Ekleme Tarihi: 07 Temmuz 2022 - Perşembe

DÜNYANIN EN ÇOK TANIDIĞI TÜRK NASREDDİN HOCA

DÜNYANIN EN ÇOK TANIDIĞI TÜRK NASREDDİN HOCA

            Yunus Emre, Mevlâna Celâleddin Rumî ve Nasreddin Hoca, Türk ulusunun evrensel kişiliği olan ulularıdır.

            Dünyanın kimi ülkelerinde yaşayan insanlar, belki Türkiye’nin nerede olduğunu bilmezler, Türk ulusunu tanımazlar ama Nasreddin Hoca adını mutlaka duymuşlardır. Nitekim Çin’den Afrika’ya, Avrupa’dan Asya’ya değin pek çok ülkede Hocamızla ilgili yayınlar yapılmış, fıkraları hemen bütün dillere çevrilmiştir.

            O kadar ki, Türkiye’de henüz Nasreddin Hoca hakkında bilimsel bir eser ortaya konulamadığı tarihte, Bulgaristan’da, dört başı mamur bir Nasreddin Hoca kitabı yayımlanmıştır. (1)

            Sofya’da yayımlanan bu eserden öncelikle ve özellikle söz etmemizin nedeni, eserin Akademi tarafından, bilimsel bir kurula hazırlattırılmış olması ve eserde yer alan fıkraların, Bulgaristan köylerinde ve halk ağzından derlenmiş olmasıdır. (2)

            Aslında akademik düzeyde Nasreddin Hoca çalışması yapan ülke, salt Bulgaristan değildir. Dost ülkelerden Romanya’da da çok sayıda çalışma ve yayın yapılmıştır.

            “Romen Edebiyatında Nasreddin Hoca” konulu çalışma yapan Romanyalı bilgin Mihail Guboğlu, ülkesinde yüzyıldan fazla bir süre içerisinde yapılan araştırmalar ve yayınlar hakkında, ayrıntılı bilgiler vermekte ve şöyle yazmaktadır:

            “Nasreddin Hoca’nın siması ve güzel fıkraları, Romenler tarafından çok sevilmişlerdir. Bu meyanda Anton Pann’dan başlayarak (1853), Viorica Ninescu’ya kadar (1974) Romanya’da, aşağı yukarı Nasreddin Hoca fıkraları hakkında 30 kadar kitap neşredilmiş olması, onun ne kadar çok sevildiğinin ispatıdır. Aynı zamanda, Romen Edebiyatında bazı tercümeler vardır. Mesela, bunlardan birisi, Leonid Soloviev’in Minunata İstorie E Lui Nasrtratin Hogea (Nasreddin Hoca’nın Şahane Tarihi) adlı eseridir. Bunlar, Nasreddin Hoca’nın, Buhara’daki sergüzeştleridir. (3)

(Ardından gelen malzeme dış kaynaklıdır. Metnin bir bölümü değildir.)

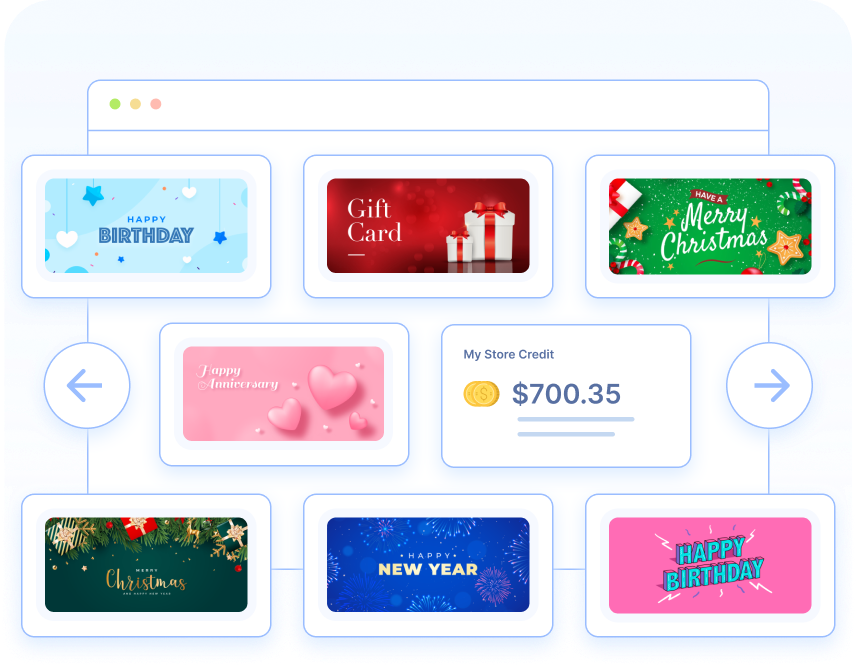 WooCommerce Gift Cards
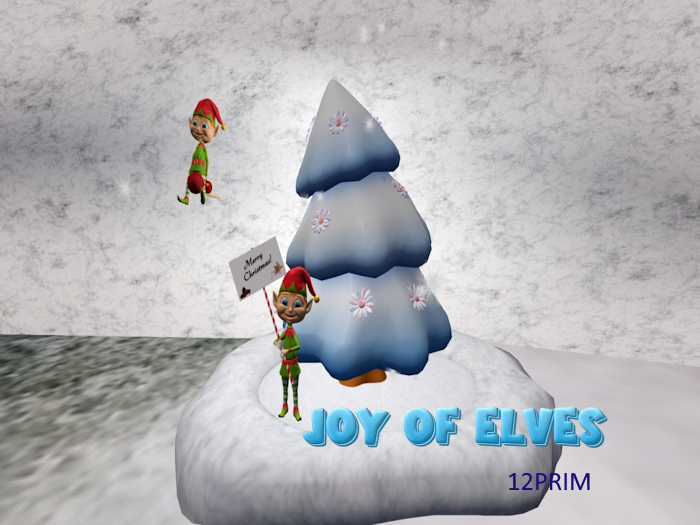 SET JOY OF ELVES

            Nasreddin Hoca ile ilgili değerli bir eser de, 1958 yılında, o dönemin büyükelçilerinden Jean-Paul Garnier tarafından hazırlanmış ve “Nasreddin Hoca ve Onun Türk Hikayeleri” adı ile Julliard yayınevi tarafından yayımlanmış olan kitaptır.

            1962 yılında Almanya’da hazırlanan bir Nasreddin Hoca kitabı da,  Berlin’de, Kultur und Fortschritt yayınevi tarafından yayımlanmıştır

            Hocamızla ilgili Balkan ülkelerinden Sırbistan, Hırvatistan, Makedonya, Arnavutluk ve Kosova’da da Hoca’yla ilgili çok sayıda makaleler ve kitaplar yayımlanmıştır.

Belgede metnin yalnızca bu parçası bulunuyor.